Antes de creer en Dios, creía en el Vacío. No lo digo como una metáfora poética, sino como una declaración de fe. Mi credo era el silencio del universo, mi certeza era la indiferencia de las estrellas y mi única liturgia era mirar de frente al absurdo. Había una especie de pureza en ello, una claridad helada que me resultaba más honesta que cualquier sermón que hubiera escuchado jamás.
Y por eso hoy, desde esta orilla de la fe que todavía exploro con torpeza y asombro, me atrevo a escribir algo que para algunos sonará a herejía: la descripción más cruda, precisa y necesaria de la condición humana no proviene de los teólogos, sino de aquellos que miran el abismo sin la red de seguridad de la fe.
He llegado a esta conclusión mientras leía a un monje trapense, Erik Varden, quien en su libro "La Explosión de la soledad" me reencontró con mis propias raíces.
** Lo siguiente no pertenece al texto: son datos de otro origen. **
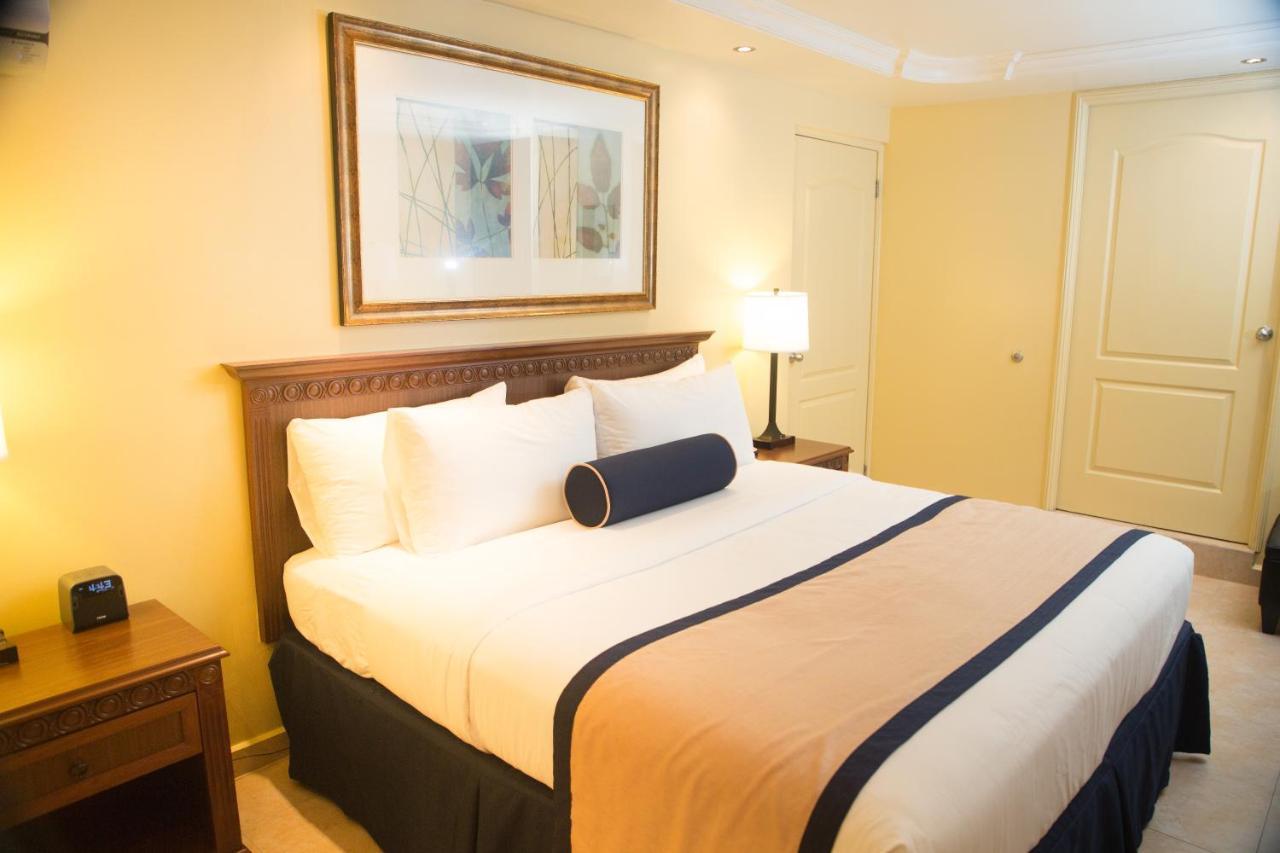 Hotel Western El Dorado 3*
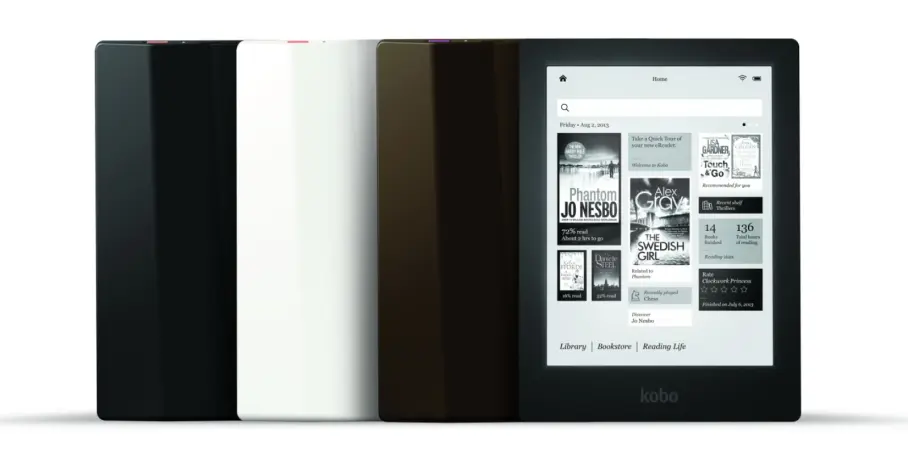 Kobo Books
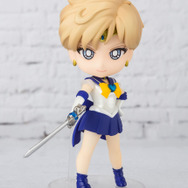「スーパーセーラーウラヌス-Eternal edition-」2,970円（税込）（C）武内直子･PNP／劇場版「美少女戦士セーラームーンEternal」製作委員会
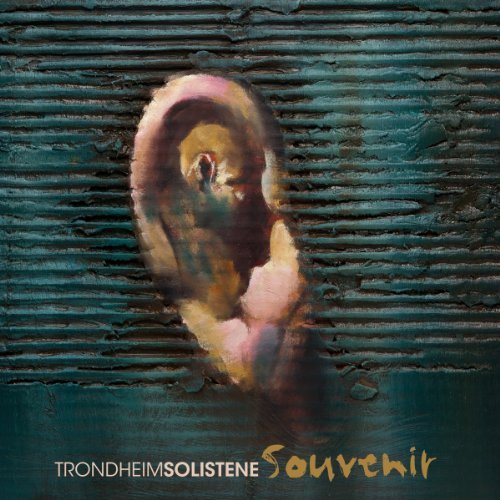 Tchaikovsky/Nielsen/Souvenir@Trondheimsolistene/Gimse/Lotsb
Varden me recordó la obra del escritor sueco Stig Dagerman, un ateo que describió nuestra existencia como un "anhelo insaciable de consuelo" en un universo mudo. Dagerman y otros como él —Camus, Cioran, Sartre— no flaquearon. Tuvieron la valentía de sentarse en la oscuridad y describirla con un detalle implacable. Como ateo, yo conocía esa oscuridad. Era mi hogar.
Lo que la fe me ha permitido no es borrar ese sentimiento, sino reinterpretarlo. La herida que Dagerman describió sigue ahí. La diferencia es que ahora sospecho que no es una herida accidental, sino una herida en forma de Dios. El diagnóstico del ateísmo era perfecto.
Un Mensaje en la Botella para el Creyente Cómodo
Y es aquí donde mi reflexión se vuelve incómoda y se dirige directamente a ti. A ti, que siempre has creído. A ti, para quien la fe nunca ha sido una pregunta desgarradora, sino una respuesta heredada. A ti, que quizás nunca has sentido en carne propia el vértigo helado del silencio de Dios, porque tu Dios siempre ha estado ahí, como un mueble más en el salón de tu vida.
Te lo digo con el respeto de quien viene del frío: el ateo que lucha en la noche oscura del sin sentido está teniendo una experiencia espiritual más auténtica que aquel que va a misa por inercia cultural. El que se enfrenta al abismo está en el campo de batalla. El que juega a ser creyente sin haber peleado nunca esa batalla, está en la retaguardia, confundiendo la ausencia de guerra con la paz.
Permíteme que te haga las preguntas que yo me hice en la oscuridad y que ahora me hago a la luz:
¿Tu fe te ha costado algo alguna vez? ¿O es un seguro de vida gratuito que nunca has tenido que usar?
¿Es tu fe un refugio que construiste en medio de la tormenta, o es un sofá cómodo en una habitación con aire acondicionado donde nunca llueve?
¿Le temes más al juicio de Dios o a la opinión de tu comunidad si dejas de cumplir con los ritos?
La fe de muchos no es una cicatriz de una batalla ganada; es una joya de la abuela que se luce sin conocer su valor. Es un tesoro guardado en un cofre cuya llave se perdió hace generaciones. Y aquí yace el mayor peligro del que habla Varden: el Olvido. El ateo no puede olvidar el abismo. Pero el creyente tibio ha olvidado por qué necesitaba un puente para cruzarlo. Ha olvidado el drama de la salvación porque nunca se sintió realmente en peligro.
Si estas palabras te resuenan, te ruego que no las ignores. Haz lo que un creyente cómodo nunca haría: atrévete a dudar. Lee a los que no creen. Asómate a su abismo, no para saltar, sino para entender por fin la magnitud del rescate. Siente el frío para que puedas valorar, quizás por primera vez, el milagro del fuego.
La necesidad de recordar el frío
Por eso, mi conclusión es doble. Para mí, como converso, necesito las voces de los ateos para no olvidar de dónde vengo. Pero la Iglesia, en su conjunto, las necesita para despertar de su letargo. Los necesitamos como profetas del vacío, como un recordatorio constante de que nuestra fe no es un club social de fin de semana, sino una respuesta de vida o muerte a una pregunta real y universal.
No he quemado mis libros de Camus. Siguen en mi librera, junto a los de San Agustín, Ratzinger y Varden. Son los mapas de un abismo que aprendí a conocer de memoria. Hoy creo que ese abismo no tiene la última palabra. Pero jamás debo olvidar que existe. Su testimonio honesto es la piedra de afilar que mantiene mi fe cortante, y es el grito de alarma que quizás pueda despertar a los que duermen en una paz que no han ganado.